Vozes da oposição e críticas de cidadãos correm o risco real de terem sido ignoradas ou sufocadas, e isso fere o princípio democrático. Para muitos caxienses e para funcionários do SAAE, o temor é concreto: aumento de tarifas, precarização ou interrupção do serviço e perda de controle social sobre um bem fundamental.
E não se trata de especulação. Há precedentes recentes, tanto no Brasil quanto no exterior, que mostram os riscos da privatização da água e do saneamento. Em um caso clássico — entre tantos que existem — relatado em documentários, reportagens e até em trabalhos acadêmicos, como a tese de doutorado de Matheus Hoffmann Pfrimer, da Universidade de São Paulo, a “guerra pela água na Bolívia” revelou dramaticamente as consequências de entregar o controle da água a consórcios privados: tarifas dispararam, chegando a consumir grande parte da renda familiar; houve protestos massivos, repressão policial; e o contrato precisou ser revertido.
No Brasil, há registros de municípios onde a privatização do saneamento trouxe desabastecimento, contas abusivas, má qualidade da água e queda na cobertura de esgoto. O caso mais recente está bem próximo de Caxias: no município de Paço do Lumiar, nesta semana, a Justiça suspendeu um aumento abusivo na conta de água, e a população demonstra insatisfação com a privatização. Mesmo onde se relata ampliação da cobertura, há forte evidência de que as tarifas aumentam consistentemente. E a experiência de delegar ao setor privado a administração de água e esgoto tem dado errado em vários lugares. Pior ainda: quando isso é feito sem consultar previamente a população, revela um claro e grave desrespeito ao cidadão.
Em muitos casos, a promessa de investimentos e a universalização do serviço não se concretizaram; o que se viu foi redução da transparência, priorização de lucros e, sobretudo, precarização do direito humano à água.

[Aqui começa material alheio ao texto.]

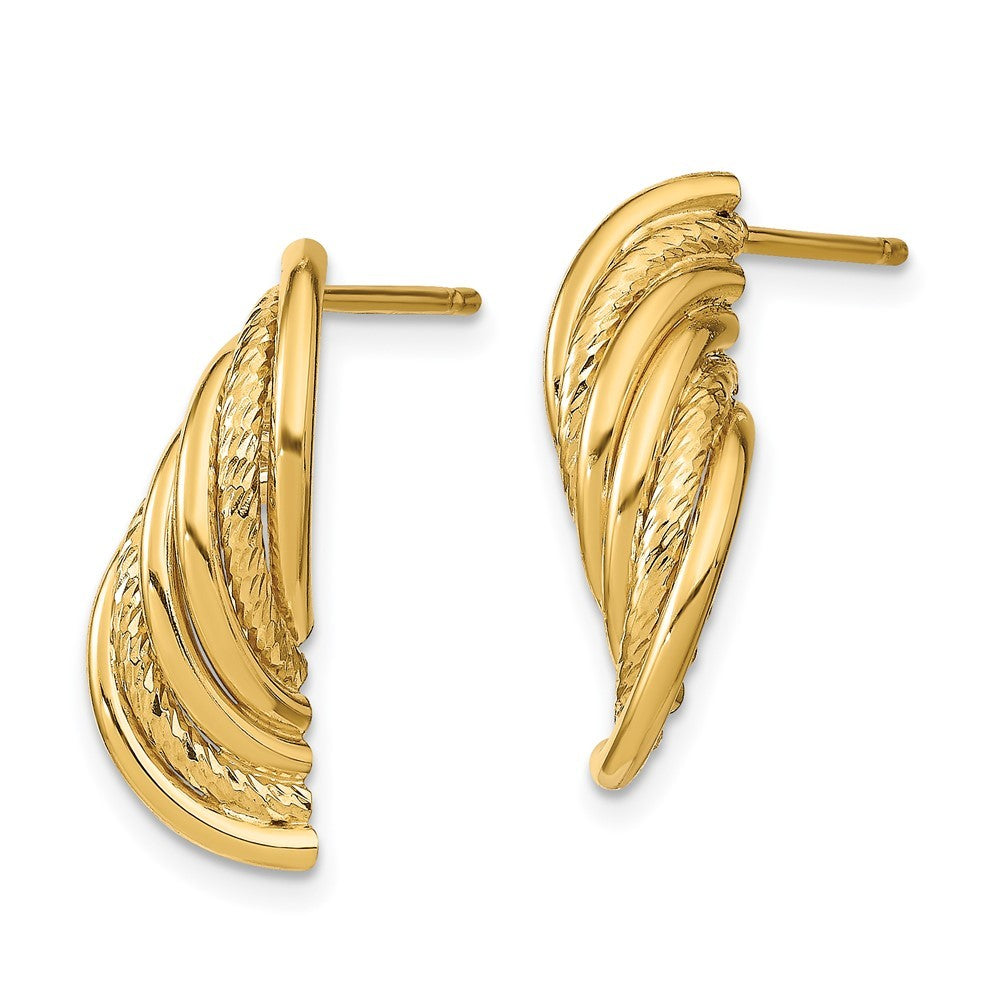 14k Yellow Gold Fancy Polished Diamond-cut Twisted Dangle Earrings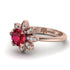 Round Ruby Flower Ring - Michelle No. 11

Diante disso, Caxias não pode e não deve seguir esse caminho. A água de nossa terra é patrimônio público, de toda a comunidade. Entregar esse bem a interesses privados significa correr o risco de transformar algo essencial para a vida em mercadoria. Significa abandonar o controle social, abrir mão da soberania hídrica local e aceitar o risco de aumento arbitrário de tarifas, queda de qualidade e insegurança no acesso para as camadas mais vulneráveis da população.
A privatização do SAAE não é apenas um debate técnico sobre gestão; é uma disputa de valores: lucro privado x bem comum. Em um contexto global de escassez, crise climática e desigualdades crescentes, a água deve ser tratada como direito humano fundamental, não como mercadoria. A sociedade caxiense, seus movimentos populares e seu povo, deve resistir, denunciar a manobra, exigir transparência e garantir que a água continue pública, universal e socialmente protegida. Se desistirmos desse princípio, estaremos abrindo mão de nossa soberania hídrica, de nosso futuro e do direito de cada cidadão caxiense à vida digna.